STM32WB55RG : Flash memory available for user application

Steven.D · ‎2019-10-28

Hi all,

I'm trying to determine how much FLASH memory will be available for my user application. I'm using an STM32WB55RG. I don't do this quite often so I could use some help

I got clues from different sources but i'm not sure which one is correct :

Given from the "stm32wb5x_FUS_fw.bin" + "stm32wb5x_BLE_Stack_fw.bin" files size, 186kB should be occupied. So I deduc that 838kB are available for user app.
In the MOOC for the STM32WB workshop, it's said that the size allocated for the upper block of flash depends on the technology and the addons used (they say 80kB for BLE stack, and 160-170 for BLE+OTA). This seems weird as the size for the BLE stack file is 162kB.
Inside AN5185, the Table 5. Device information table tells us that both the FUS and the wireless stack can use up to 65535 sectors of 4K -> For me, this means that they could take 256kB each, leaving us with 512kB for the user application.
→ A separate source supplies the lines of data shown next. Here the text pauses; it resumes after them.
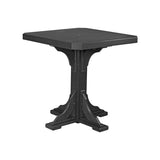 LuxCraft 41" Dining Height Poly Square Table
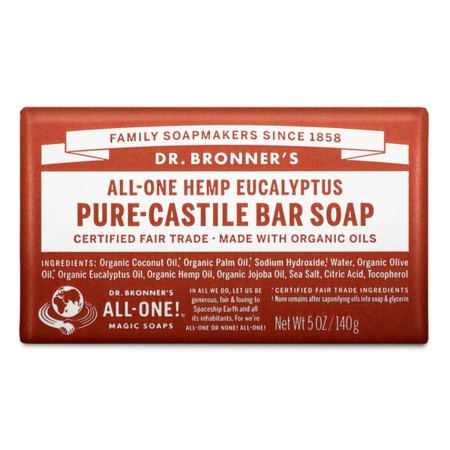 Saponetta Dr Bronner's 140 g Eucalipto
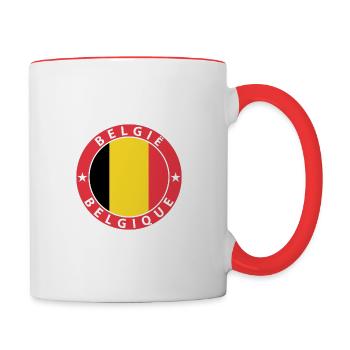 Belgium - Contrasting Mug - white/red - Right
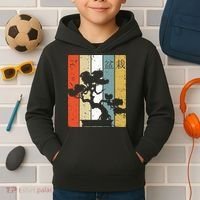 Bonsai Japanese Retro Bonsai Tree Kids Hoodie thumb 2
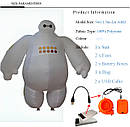 Надувний костюм Беймакс Baymax RESTEQ для дорослих 2.2 м, косплей костюм з Місто Героїв, білий костюм надувний для вечірок та свят, фото 2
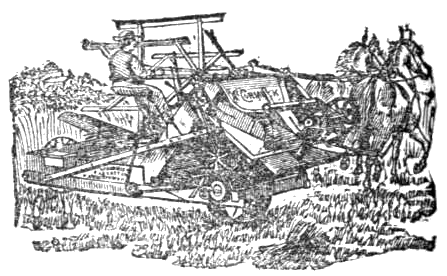 Moissonneuse-lieuse vendue par Thémun (1888)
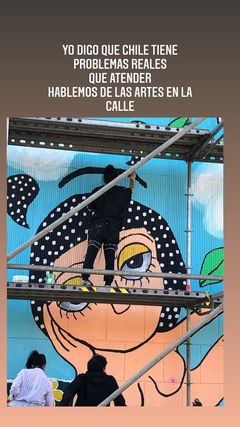 Mon Laferte responde a polémica por mural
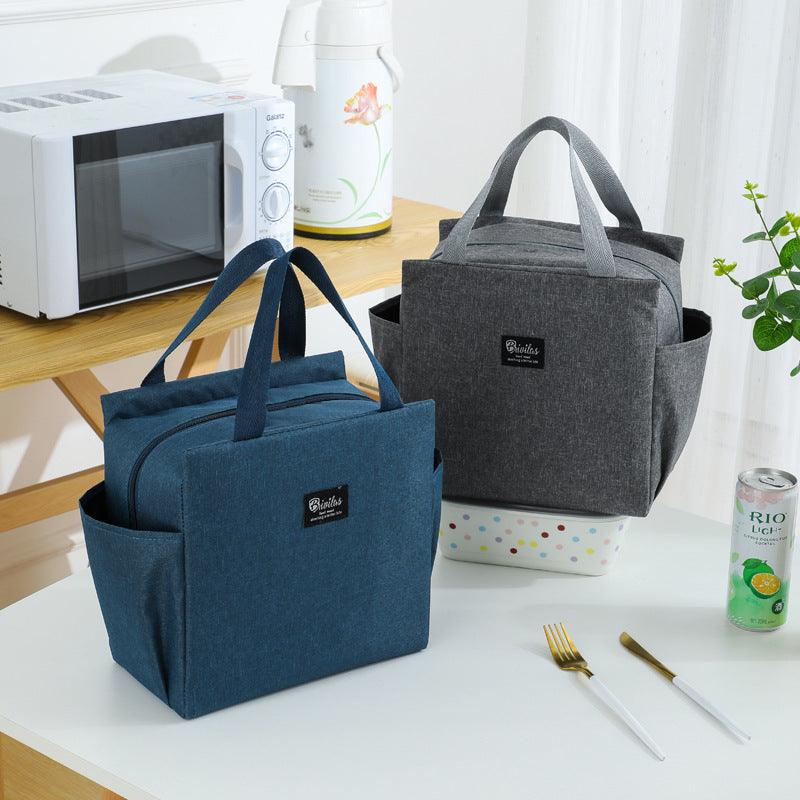 Sac Isotherme Moderne 4-en-1 : Bento, Lunch Box, Courses - Garde Chaud/Froid - TpraTic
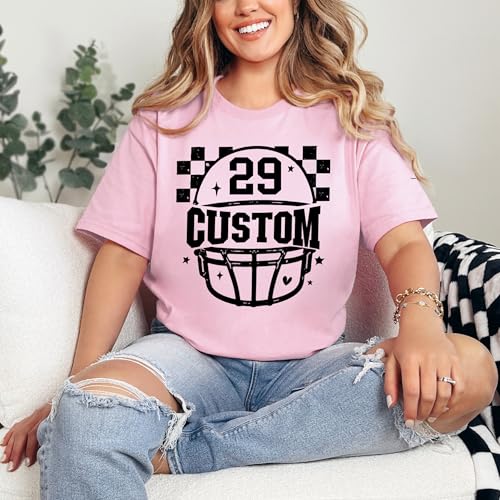 Custom Football Mom Shirt, Personalized Football Team Name and Number Sweatshirt, Gift For Sport Lover3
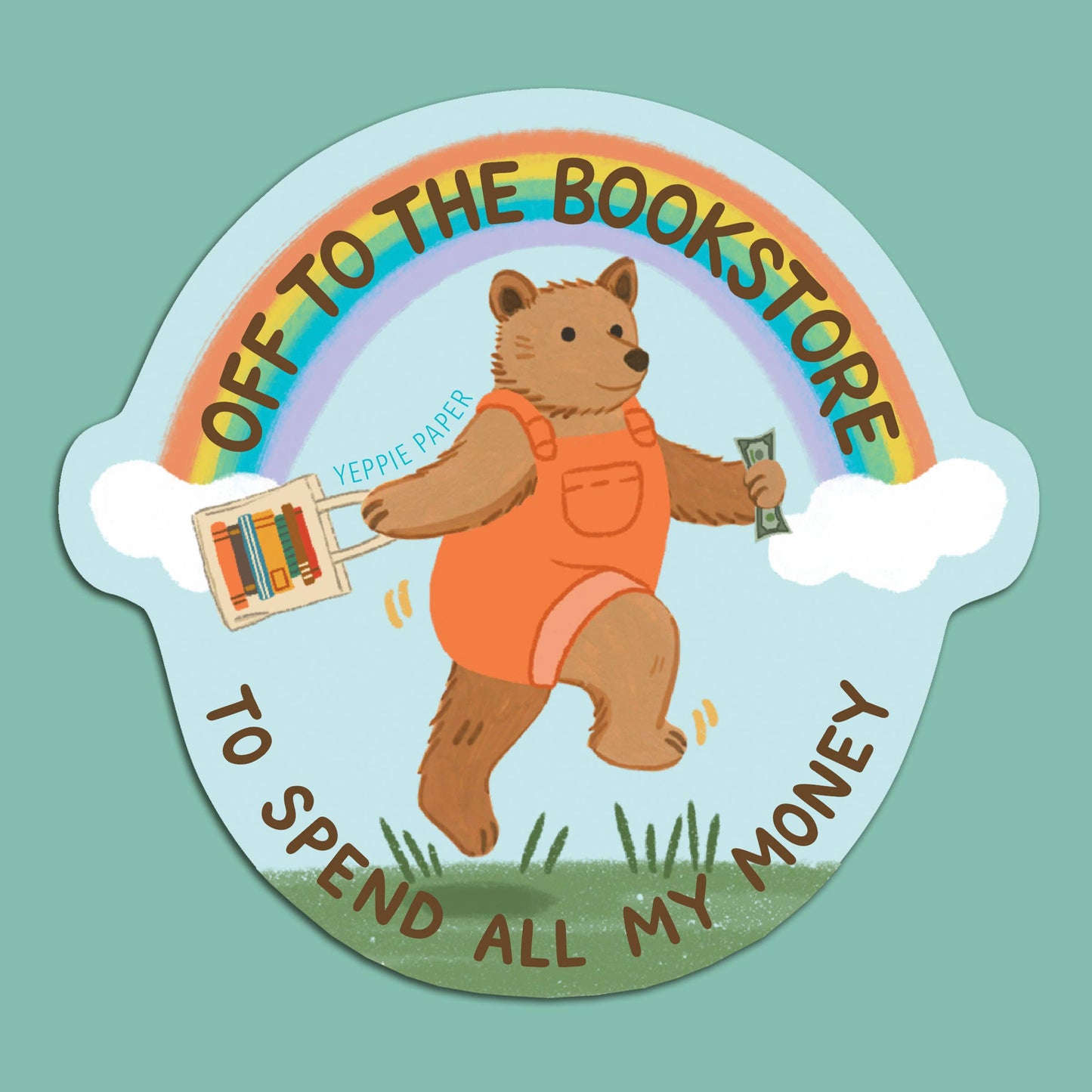 Bookstore Bear Sticker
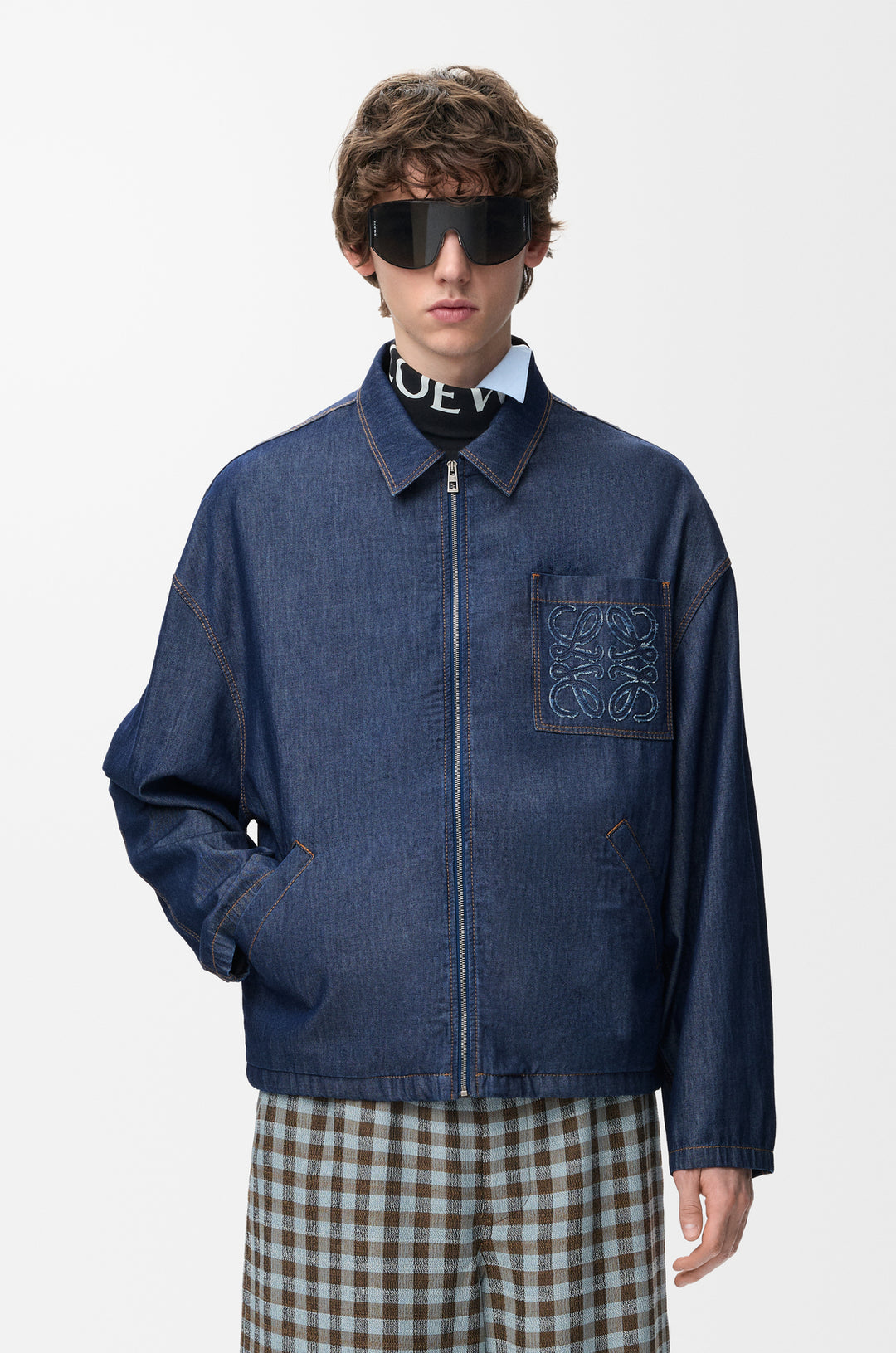 Zip-up jacket in cotton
If this is true, I guess there is not many cases in which this will happen.

If someone is willing to explain to me what is the correct procedure and what is wrong with the others, that would be really valuable for me!

Vyacheslav · ‎2019-10-28

Hi, Steven.

The easiest way: if there is a stack, then the first secure sector indicates the maximum size of user space.
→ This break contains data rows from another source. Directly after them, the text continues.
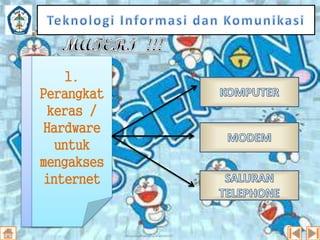 1.
Perangkat
keras /
Hardware
untuk
mengakses
internet

 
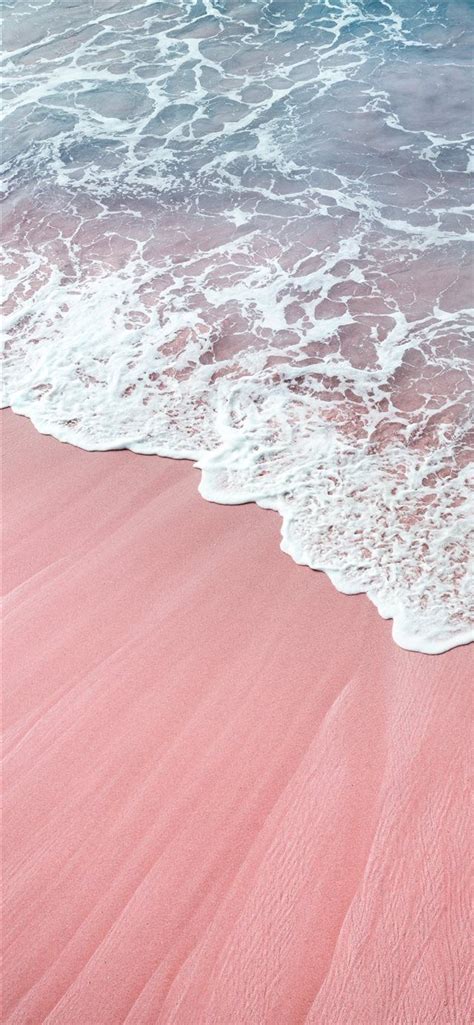 Pink Wawes Iphone X Wallpaper Sand Water Deep Bali Indonesia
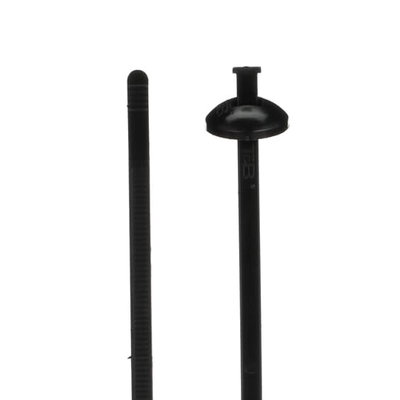 CBL TIE 65LB 10IN BLK NYL PANEL MT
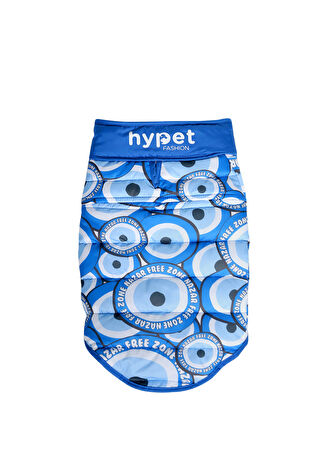 Hypet Fashion Nazar Free Zone Mavi Köpek Şişme Mont 3 -1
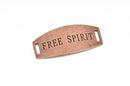 5 FREE SPIRIT Bracelet Connector Links, copper bar charms, curved bracelet charms, 45x20mm, chc0085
Get SFSA register and multiply by 0x1000.

Assuming a stack update, subtract the stack size and bootloader size from this value.

This will be what you need.

Regards,

Vyacheslav.

Steven.D · ‎2019-10-28

Thanks for the answer Vyacheslav ! 🙂

Ok so I have SFSA = 0xCB, given your calculation this gives me 812kB available. This is close to what I found by adding the size of the files : FUS + stack_ble (838kB availaible). Just for the info, do you have any idea what is missing in this calculus ?

Also, assuming a stack update. Do you know how much flash size should be reserved for the stack so we have a safe way to be sure there will be no future conflic with our user app ?

Vyacheslav · ‎2019-10-28

For first question - answer by link from Remi Quintin begins as "A 1MB Flash device has a specific context: ...".

There is a strange memory situation in 1M chip 🙂

About second question: use AN5185 #2.1.1 "Operation instructions". My answer to Remi at the specified link.

If you read the whole thread, can it help you?

Personally, I use the algorithm as described in AN5185 #2.1.1 "Operation instructions" and everything works for me.

Remi QUINTIN · ‎2019-10-29

Hi Steven

Your calculation is correct for the BLE stack alone => SFSA = 0xCB (BLE stack + FUS). This means indeed 838kB available for a user application.

Then if you want to use a BLE + Thread Stack , which is the biggest one (493KB => 496 KB for the 4K alignment = 0x7C000), a minimum of 56KB (0xE000 for the FUS) + 496 KB (0x7C000 for the RF stack) is required. This leads to a total 0x8A000 bytes to be reserved at the top of the Flash memory => 0x08100000 - 0x8A000 = 0x08076000 => Start address SFSA = 0x76. So this let a total of 0x76000 x 4KB = 483328 Bytes for a user application.

For any of the RF stack used, if you want to add the OTA feature, then you have to add the OTA application size (loaded at the begining of the 1MB Flash memory) which is 0x7000 = 28672 KBytes. The user application targeted to be updated through OTA should be loaded at address 0x7000. And so the maximum size allowed for it if you use the biggest RF stack (BLE + Thread) is 483328 KB - 28672 KB = 454656 KB (0x6F000).

Hope those calculations clarify your view.